My current set of questions about scholarship in the digital humanities
I am so pleased and excited to be the HASTAC scholar affiliated with Vanderbilt's Robert Penn Warren Center for the Humanities for 2013-2014!
In anticipation of the opportunities I'll have this year both to think about digital humanities and to work to foster digital humanities on Vanderbilt's campus, I thought it might be helpful for me to lay out a few of my current questions. Perhaps this will turn into something of a framework for my year, and perhaps it will simply be a thought exercise and launching pad for other ideas...either way, here goes:
My current set of questions (as of September 2013) about scholarship in the digital humanities:
- What are the best strategies for spreading the word about digital projects? I'm constantly discovering new digital projects that interest me and that might be of use to my scholarship in early modern English religious history. I know this is true for scholars in other fields, as well. How can I--as both a user and a developer of digital projects in the humanities--effectively help students and scholars locate and use the many fantastic resources that are available?
- How can users most effectively incorporate what we gain from digital projects to our own research? It is easy to see how certain resources, such as digital archives, can contribute to a variety of scholars' different research questions. For instance, in my work I've made great use of Early English Books Online and the Clergy of the Church of England Database. Yet what about projects that don't have such a close resemblance to traditional archives? For example, I am fascinated by, and have learned much from the excellent Virtual Paul's Cross Project, but I have not yet quite found a way to incorporate the aspects of its more experiential format into my research and writing. I'm working on it!
- How can developers of digital projects plan for and foster the use of their tools in a variety of ways? This is sort of a corollary to the preceding question. In addition to scholars working to imagine ways that various digital tools can enhance their work, how can developers plan, from the beginning of a project, to provide tools that can be of use to a variety of scholarly questions and approaches?
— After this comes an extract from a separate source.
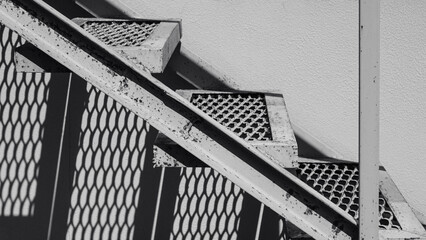 Industrial Metal Staircase with Patterned Shadows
- What about social media? For all my enthusiasm and interest in digital projects (I use digital humanities resources on a daily basis, have some programming background, have worked to enhance or construct several web sites, and am currently learning GIS) I am not--yet--a big user of social media. HASTAC has prompted me to begin blogging and tweeting, so I'm looking forward to learning more about how this aspect of digital communications can foster collegiality, scholarship, and teaching.
- What is the current state of the field of digital humanities? Together with Mona Frederick, my HASTAC mentor from the Robert Penn Warren Center, I will be reading through Debates in the Digital Humanities edited by Matthew K. Gold (University of Minnesota Press, 2012). I look forward to reading, discussing, and blogging about the issues raised in this volume by several key scholars in the digital humanities.
- How do I make a GIS map? The above questions are largely theoretical; this one is eminently practical. Over the course of the year, I have the opportunity to work to enhance the Robert Penn Warren Center's digital archive, Who Speaks for the Negro? As I learn to use the new-to-me technology of GIS, I will be developing an interactive map that will appear on the site. I'm really looking forward to being part of this project!
This is, of course, not an exhaustive list--but it is a start. I'm eager to see what the year holds and how I will develop my thinking and abilities in each of these areas over the coming months...and beyond.